Rupture Alcaraz – Ferrero : 5 choses qu’on a apprises dans le long podcast auquel a participé Ferrero

Juan Carlos Ferrero brise deux mois de silence sur sa rupture avec Carlos Alcaraz, levant le voile sur des tensions contractuelles et des divergences profondes quant à la vision du travail qui ont eu raison de l’association la plus dominante du tennis mondial.

Juan Carlos Ferrero, 2026

L’encre qui chronique la rupture du lien entraîneur-entraîné entre Juan Carlos Ferrero et Carlos Alcaraz n’a pas fini de sécher, malgré la victoire du joueur espagnol à l’Open d’Australie. Cette annonce fracassante a ébranlé le monde du tennis il y a maintenant mois mais la mécanique qui a mené à cette situation conservait encore bien des zones d’ombres.

Dans une interview fleuve accordée au podcast vidéo El Cafelito, animé par le journaliste espagnol Josep Pedrerol, Ferrero, ancien numéro un mondial et maître d’œuvre de l’ascension fulgurante d’Alcaraz, a repris la parole pour préciser sa version des faits et émettre des doutes sur la façon dont le champion espagnol pense pouvoir vivre sa carrière.

Cette interview constitue la première grande analyse approfondie de Ferrero depuis son départ. Elle a même permis d’y voir plus clair sur qui est l’homme derrière l’entraîneur. Ferrero y aborde sa passion pour le golf, le deuil douloureux de sa mère et de son père, ainsi que sa philosophie d’entraînement, fondée sur une exigence ferme.

Il y révèle des détails jusqu’alors ignorés sur son combat intime contre la dépression à l’adolescence, survenue après le décès de sa mère, ainsi que sur les tourments intérieurs d’un introverti brutalement propulsé sous les feux des projecteurs après le sacre en Coupe Davis en 2000.

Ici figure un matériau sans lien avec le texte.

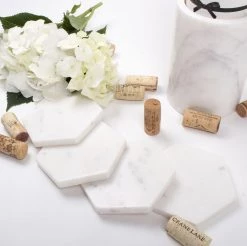 8 Oak Lane 4 Pc Marble Coaster Set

1. Un vrai choc des visions entre Alcaraz et FerrerO

Les germes de la rupture Alcaraz-Ferrero étaient disséminés dans un désaccord fondamental sur la marche à suivre pour rester au sommet du tennis mondial. Ferrero, qui se définit lui-même comme un méticuleux et rigoureux, a reconnu que sa conception de la discipline se heurtait régulièrement à l’approche plus décontractée d’Alcaraz.

Confirmant ces différences d’approches déjà visibles dans le documentaire Netflix A mi manera, Ferrero a été on ne peut plus direct : « Sa conception du travail et du sacrifice est différente de la nôtre » (« su entendimiento del trabajo y del sacrificio es diferente al nuestro »).

Cela me laisse douter qu’il puisse un jour s’imposer comme le meilleur de tous les temps.

Ferrero a même exprimé une véritable inquiétude. Le besoin d’Alcaraz à se ressourcer mentalement et à multiplier les escapades – comme son séjour à Ibiza avant Wimbledon – risquent selon lui de compromettre ses chances de laisser une empreinte majeure. Ferrero ose : « Cela me fait douter qu’il puisse devenir le meilleur de l’histoire. »

L’entraîneur espagnol maintient son analyse, même si Alcaraz est en avance sur tous les temps de passage après son septième sacre majeur à 23 ans : « Ces distractions sont souvent très tentantes et peuvent leur faire perdre toute concentration ».

Juan Carlos Ferrero, Miami 2023
Juan Carlos Ferrero, Miami 2023 | © Tennis Majors

Ferrero dément en revanche les rumeurs selon lesquelles sa volonté de ne pas s’entraîner à Murcie serait à l’origine de la rupture. Il a catégoriquement réfuté avoir exigé qu’Alcaraz élise domicile dans son académie, tout comme l’idée que le souhait du Murcien de s’entraîner dans sa ville natale ait pu être source de tension. Aux dires de Ferrero, « l’équipe avait déjà accepté il y a deux ans le besoin d’Alcaraz de s’entraîner plus régulièrement à Murcie ».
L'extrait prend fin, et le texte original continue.